Hey everyone! I've been assigned a project at work where I need to set up real-time monitoring for all of our EC2 instances. We need to track CPU and memory usage, as well as any system check failures. The challenge is that we have two AWS organizations with multiple child accounts, and over 150 instances scattered across different regions. I've tried setting up CloudWatch alarms, but ran into the snag that SNS topics and CloudWatch alarms must be in the same region, which means I'd need to create a ton of SNS topics. I'm hoping someone here has a simpler solution to achieve this with custom formatted alerts.
3 Answers
Have you thought about using Prometheus and Grafana? It's free, open-source, and gives you a one-time setup that works across clouds and regions. Definitely worth considering!

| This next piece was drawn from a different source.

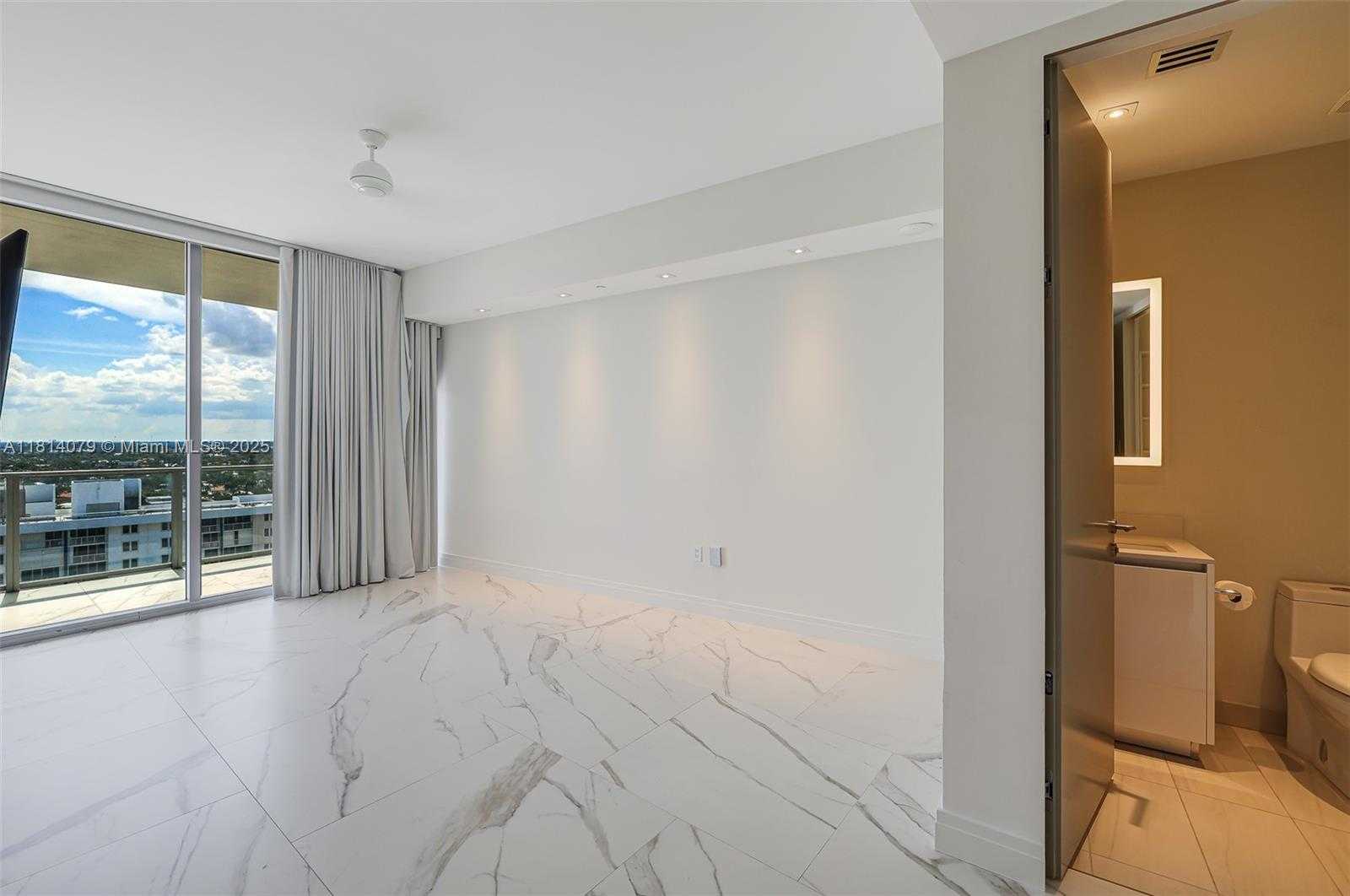 Small Image of 2200 NORTH OCEAN BLVD #S1801, Fort Lauderdale Number 45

You might want to consider creating a centralized monitoring account using CloudWatch to gather metrics from all your different accounts. If you need custom alert notifications, you could implement a Lambda layer to handle that. Also, keep in mind that there are third-party monitoring tools that could help, like Nagios, Icinga, or Zabbix if your restrictions allow it.
It can be pricey, but have a look at Datadog. It’s a solid option and easy to set up if your budget allows.
Thanks for the suggestion! Unfortunately, they want to stick with AWS only, no third-party tools allowed.